◆ **What is required**
Using the material below, print a verbatim copy of every line from the one containing "Best L shape" through the one containing "Jacoby Brissett RC", inclusive, and omit the pictures.

==*==

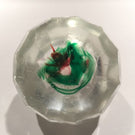 Early 1930's Chinese Faceted Art Glass Paperweight Painted Sulphide Caged Birds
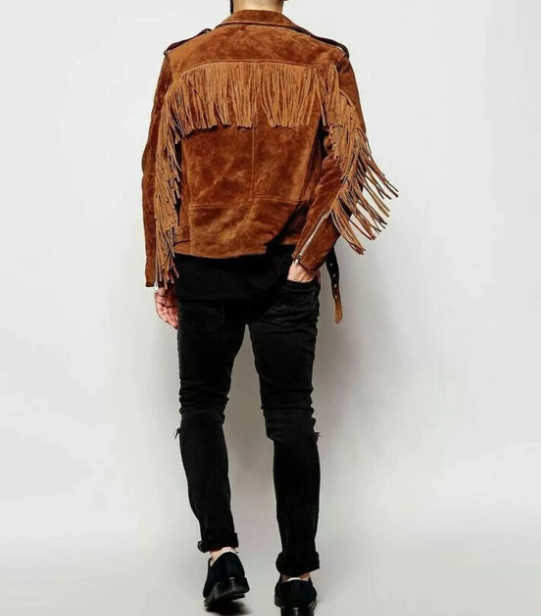 Handmade Men's Brown Fringe Jacket - 100% Pure Suede Leather Slim Fit Jacket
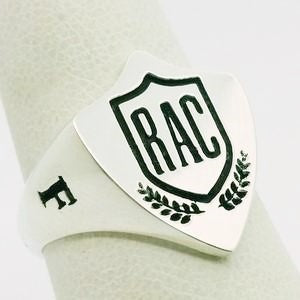 Silver initials ring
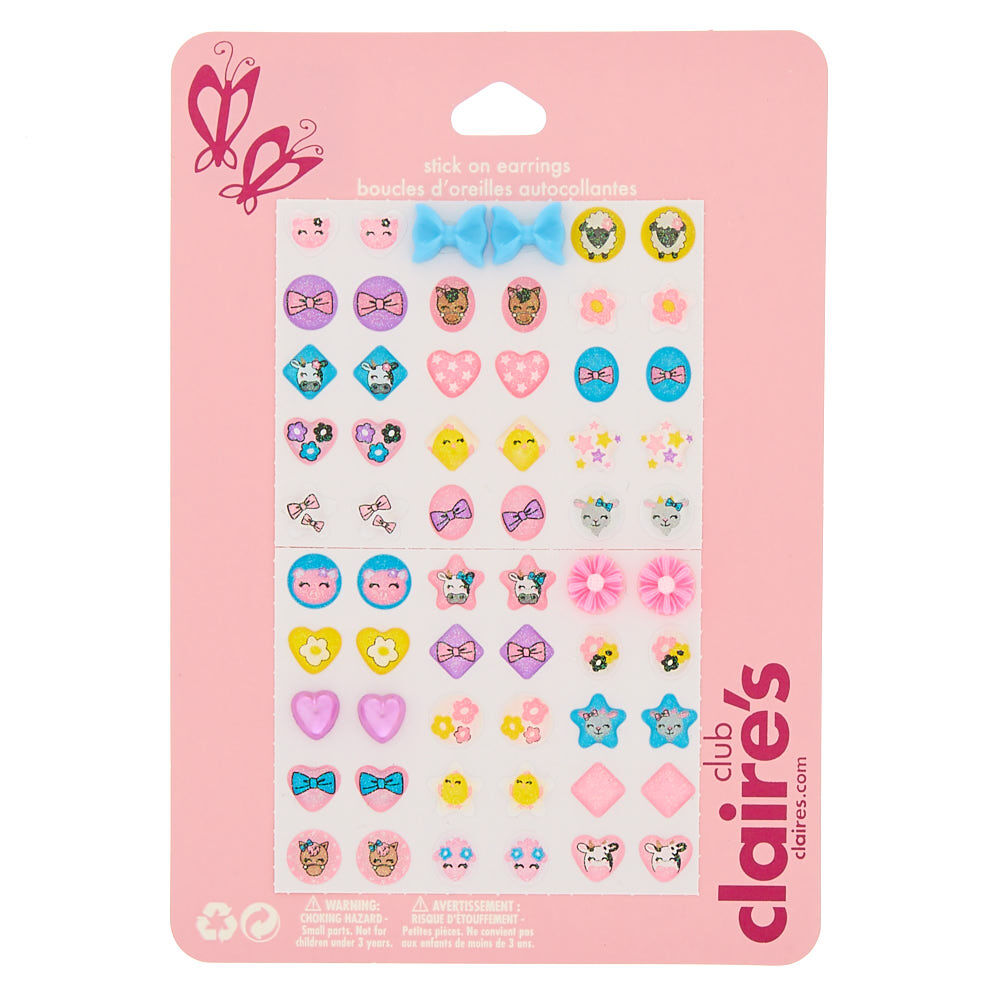 Claire's Club Animal Stick On Earrings - 30 Pack,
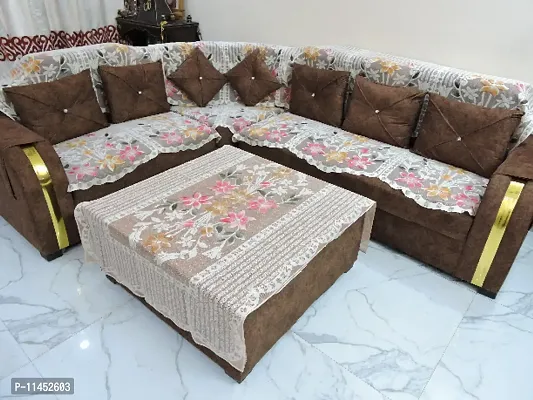 Best L shape net sofa cover 7 seater Sofa cover + centre table cover for L shape sofa 7 seater sofa cover Set of 15 pieces- CREAM Colour-thumb2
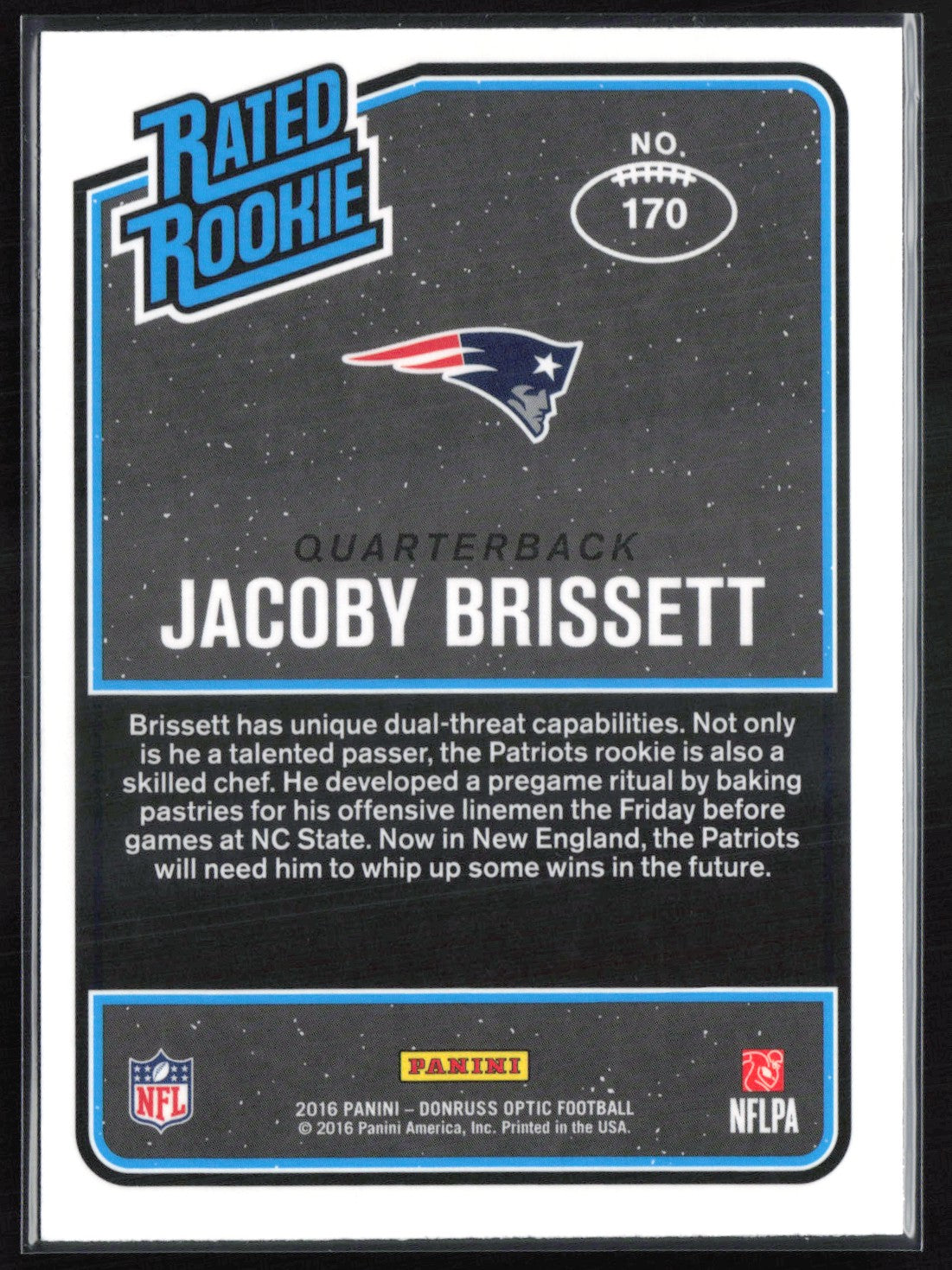 Jacoby Brissett RC Purple Holo 2016 Optic Rated Rookie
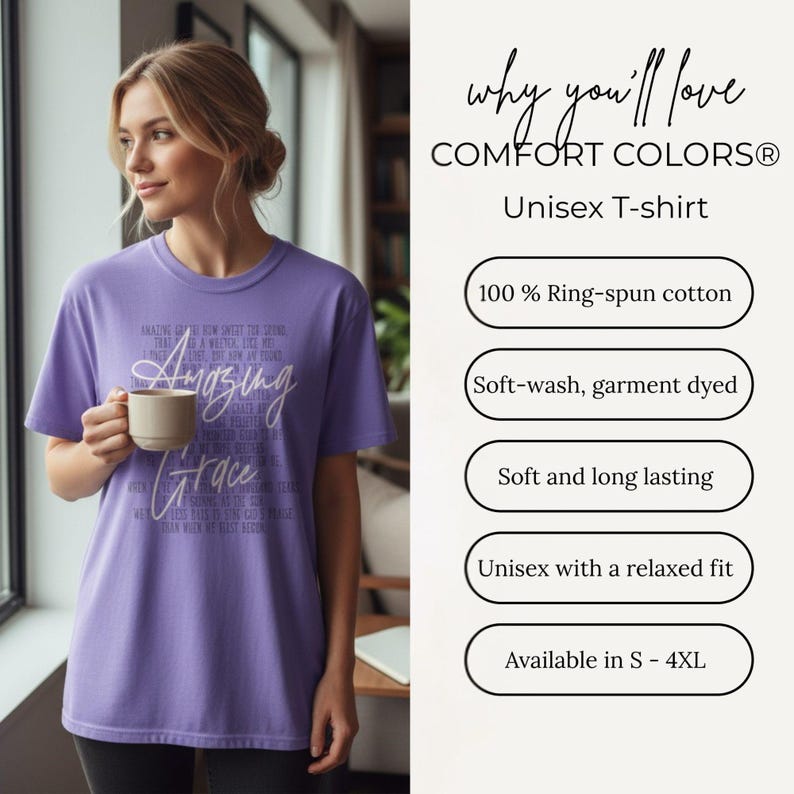Sunday Service Outfit Amazing Grace Tshirt Christian Hymn Design Faith Based Apparel Women Believers Clothing Church Choir Wear Bible Study Group Attire Worship Team Uniform Religious Retreat Option Comfortable Cotton Material Inspirational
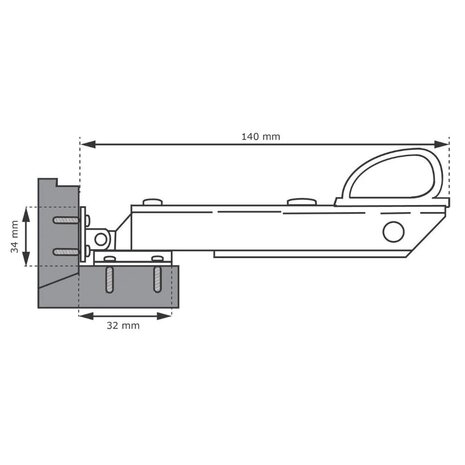 Dulimex Raamuitzetter wegdraaibaar kort SKG2 RVS wit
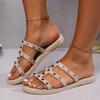 Fashion Rivet Ladies Shoes 2024 New Open Toe Women's Slippers Summer Rome Solid Outdoor Casual Beach Flat Comfortable Slippers Zapatos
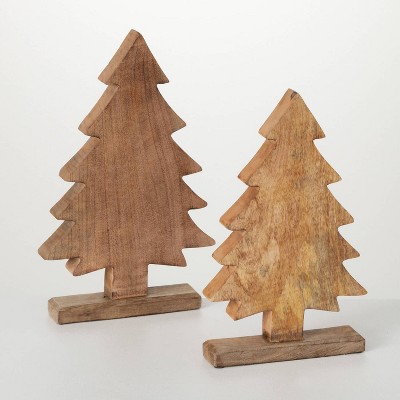 Mango Wood Large Tree Accents Brown 16.5" & 14.5" Wood Set of 2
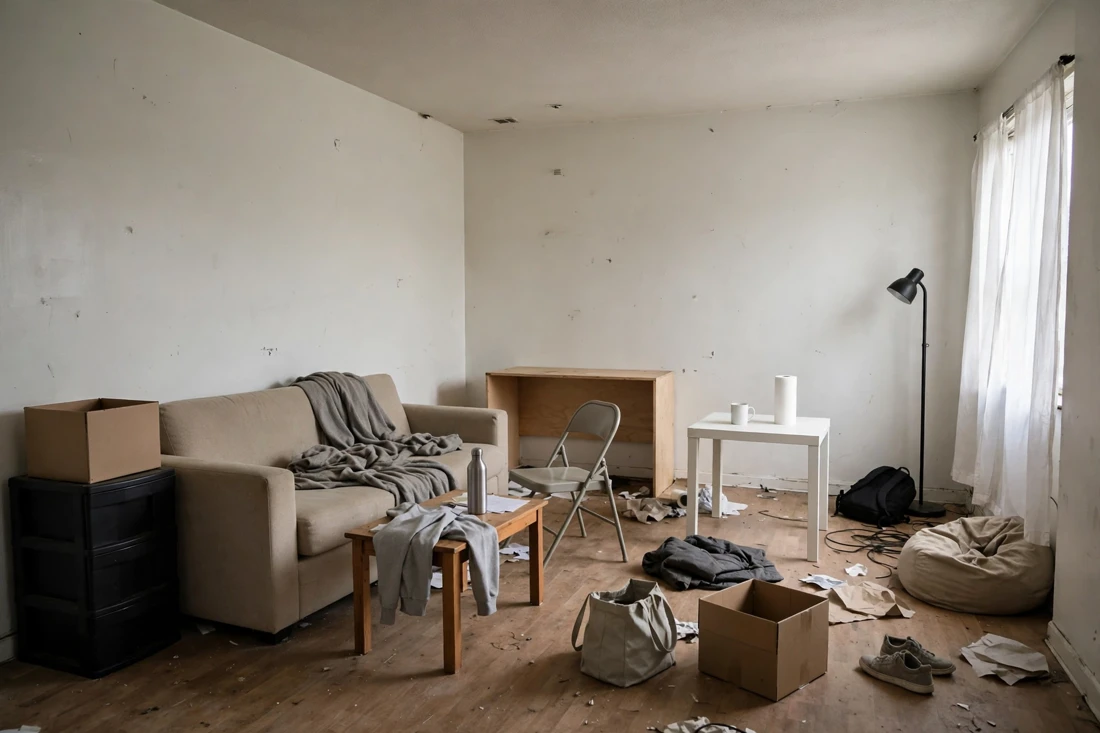 Studio apartment no focal point mistake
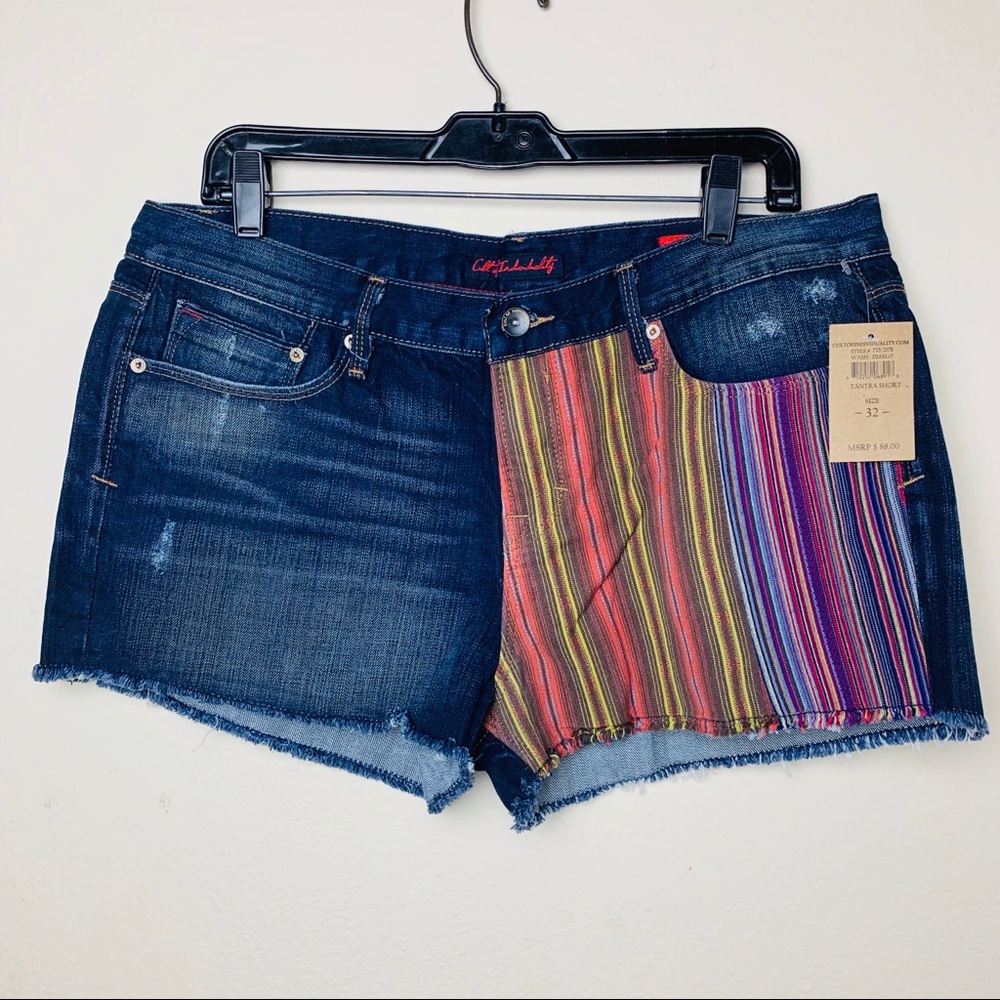 NWT CULT OF INDIVIDUALITY “Tantra” Striped Short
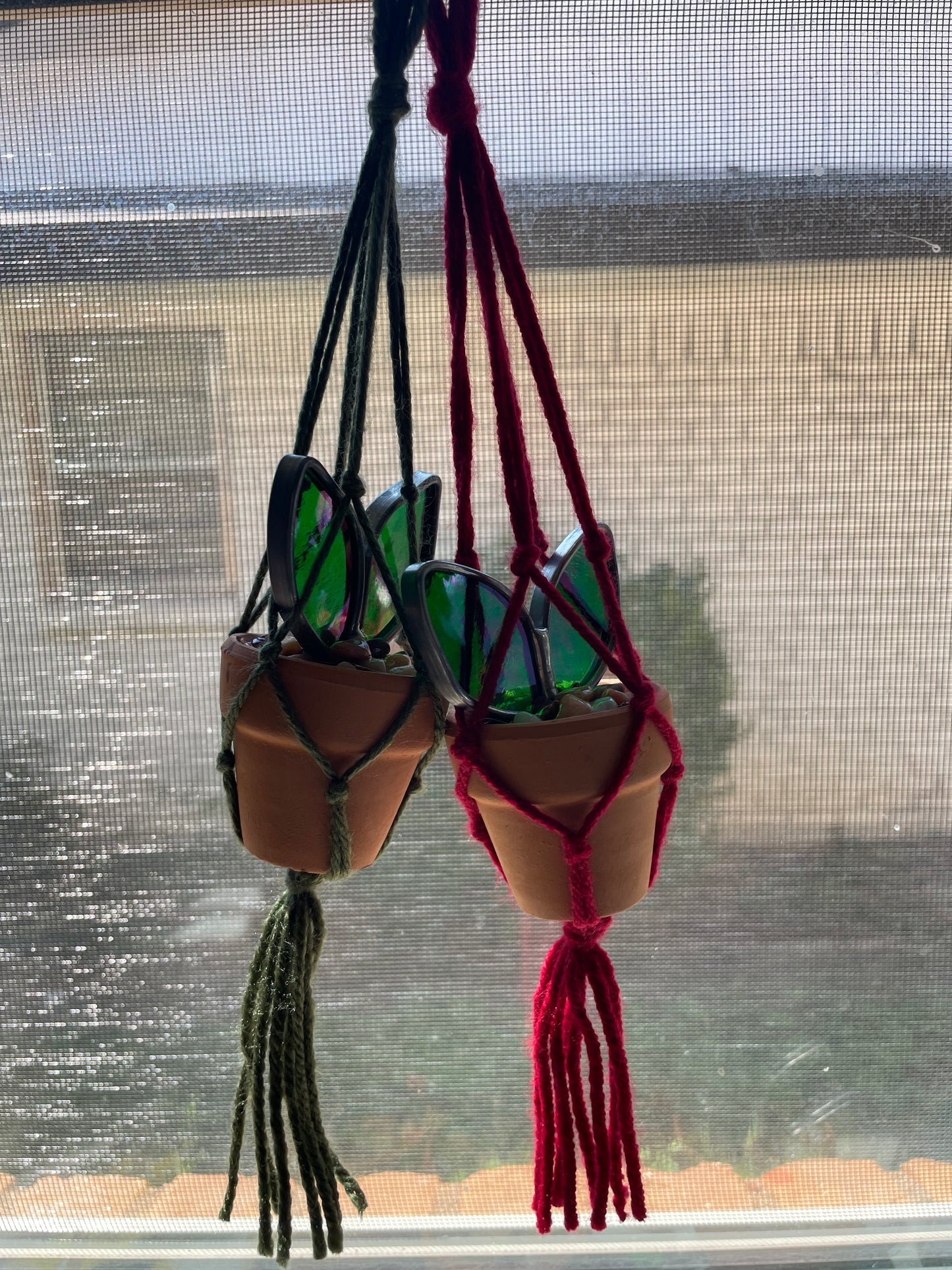 1.5” hanging potted plant with red string
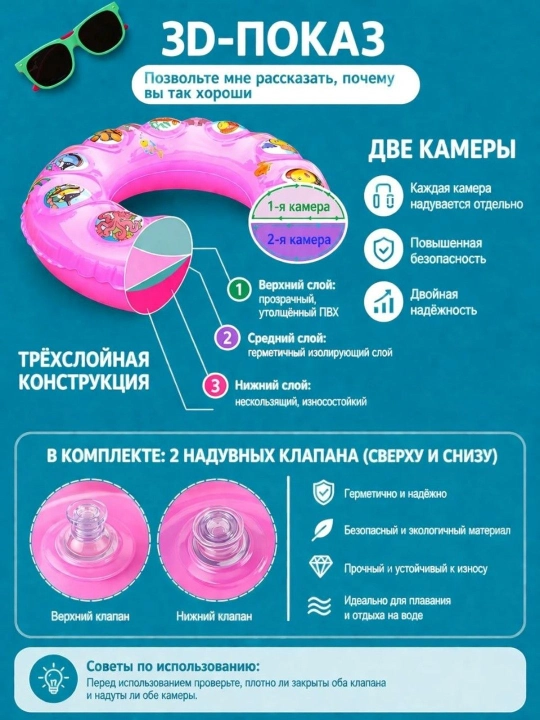 Надувной круг для плавания, купания в бассейне, баллон детский 50-90 cм, от 3 до 13+лет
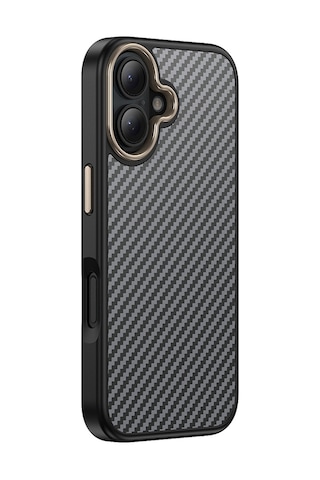 Nourthkiingdom Apple Uyumlu iPhone 16 Plus Kılıf M-safe Şarj Özellikli Karbon Fiber Görünümlü Nrtk Antina Kapak - Mavi Mavi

==*==

◆ **Answer**
 Best L shape net sofa cover 7 seater Sofa cover + centre table cover for L shape sofa 7 seater sofa cover Set of 15 pieces- CREAM Colour-thumb2
 Jacoby Brissett RC Purple Holo 2016 Optic Rated Rookie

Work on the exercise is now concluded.